In the listing that follows, find the line with "Solar Bug Zapper", then copy exactly from it through the line with "Moog Madness! Moog Source & Midimini Mods", leaving out every picture.

▶ **DATA IN THIS EXERCISE**:
+++

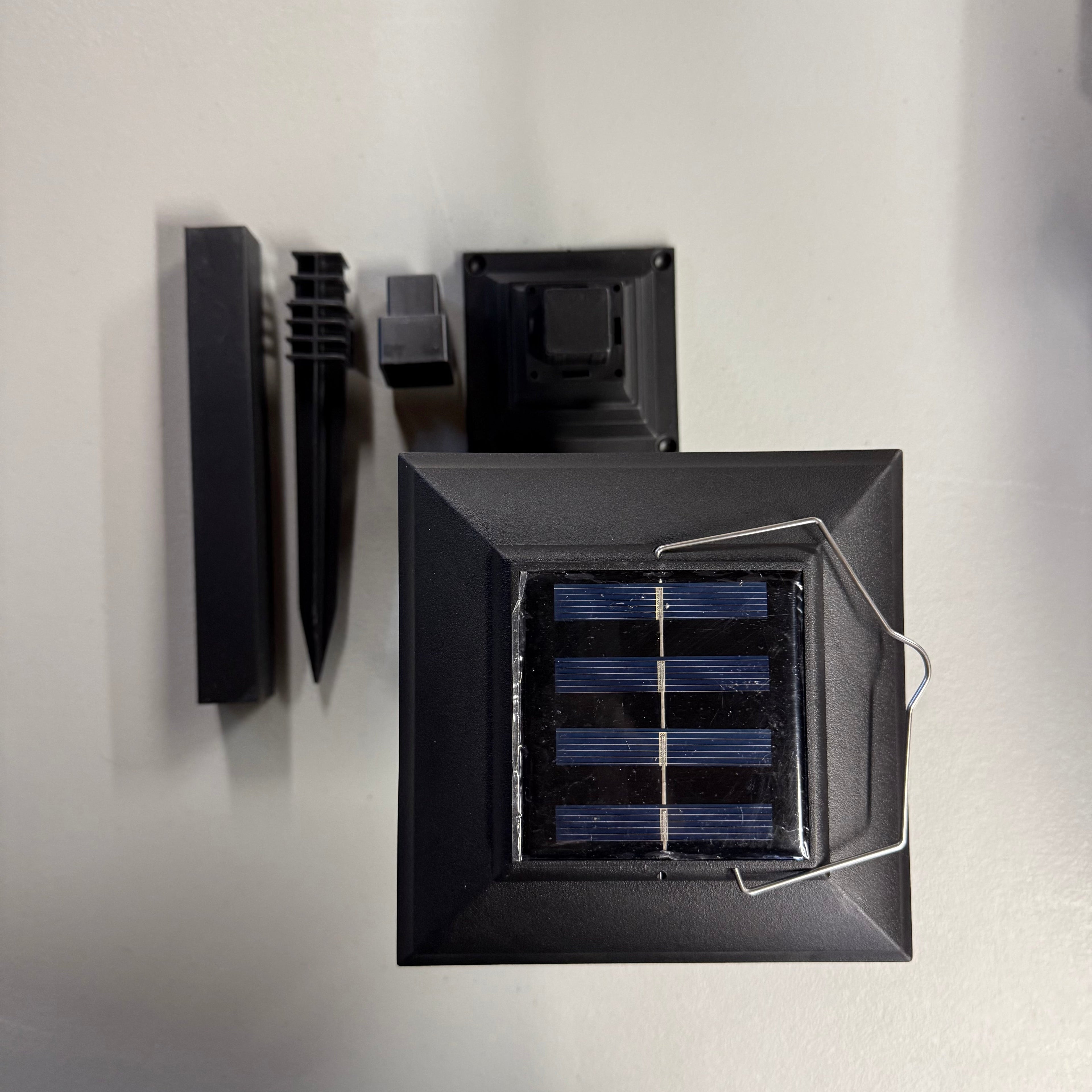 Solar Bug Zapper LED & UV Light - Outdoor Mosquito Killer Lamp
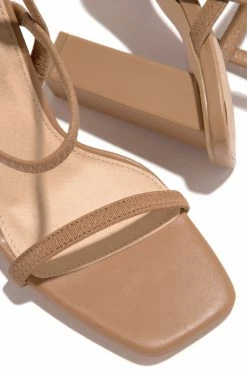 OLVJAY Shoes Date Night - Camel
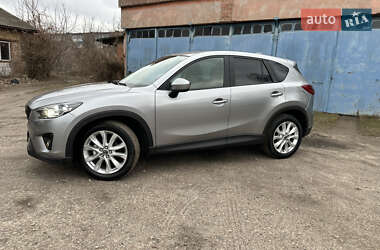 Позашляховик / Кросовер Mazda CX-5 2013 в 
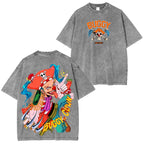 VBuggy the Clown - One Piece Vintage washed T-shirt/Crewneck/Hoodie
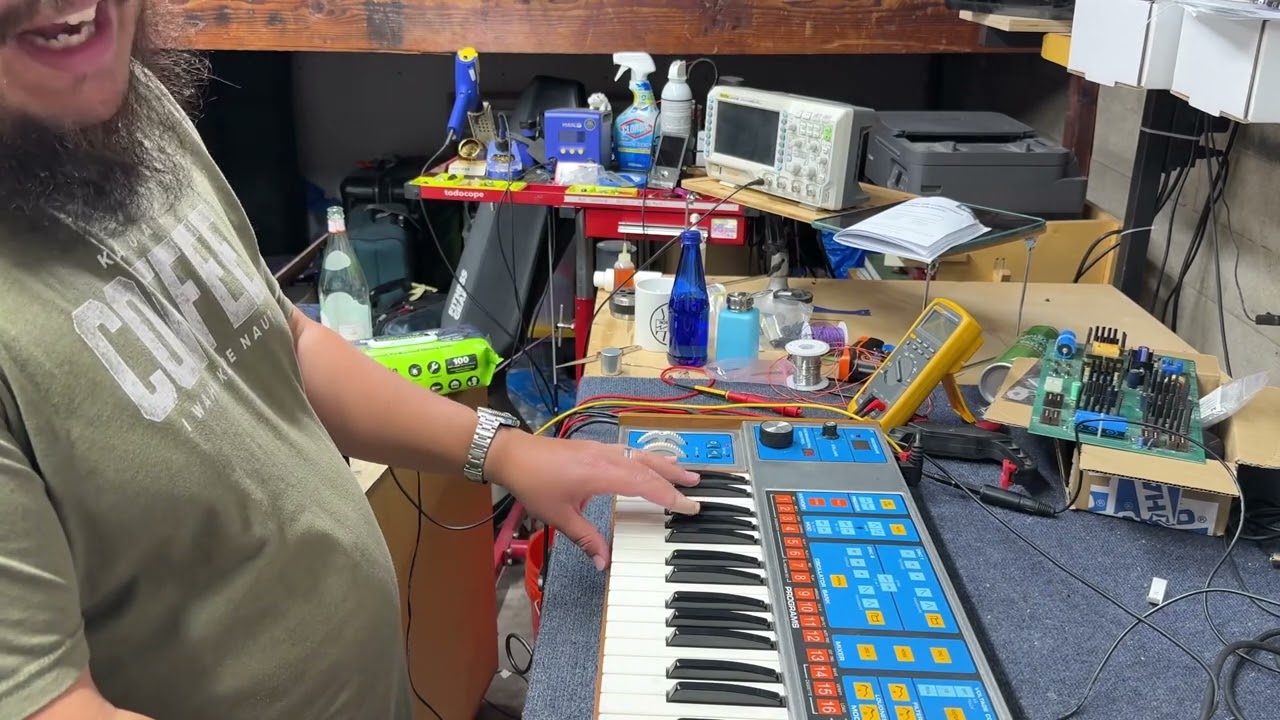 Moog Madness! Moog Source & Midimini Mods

+++

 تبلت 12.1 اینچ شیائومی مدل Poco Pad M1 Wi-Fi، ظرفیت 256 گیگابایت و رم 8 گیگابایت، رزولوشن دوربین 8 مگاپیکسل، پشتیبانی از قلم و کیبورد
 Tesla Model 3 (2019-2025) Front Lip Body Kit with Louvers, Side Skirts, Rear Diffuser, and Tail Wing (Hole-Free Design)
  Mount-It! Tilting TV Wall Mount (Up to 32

+++

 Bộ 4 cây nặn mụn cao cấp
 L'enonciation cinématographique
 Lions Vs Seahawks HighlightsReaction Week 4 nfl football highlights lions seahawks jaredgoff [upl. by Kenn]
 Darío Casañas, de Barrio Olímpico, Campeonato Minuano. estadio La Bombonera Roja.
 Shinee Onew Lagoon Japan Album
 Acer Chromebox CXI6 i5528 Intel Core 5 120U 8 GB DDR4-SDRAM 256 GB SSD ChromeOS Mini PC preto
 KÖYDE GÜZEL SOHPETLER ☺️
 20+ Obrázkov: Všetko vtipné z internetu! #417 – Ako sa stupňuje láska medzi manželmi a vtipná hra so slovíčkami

+++

▶ **COMPLETED EXERCISE**:
 Solar Bug Zapper LED & UV Light - Outdoor Mosquito Killer Lamp
 OLVJAY Shoes Date Night - Camel
 Позашляховик / Кросовер Mazda CX-5 2013 в 
 VBuggy the Clown - One Piece Vintage washed T-shirt/Crewneck/Hoodie
 Moog Madness! Moog Source & Midimini Mods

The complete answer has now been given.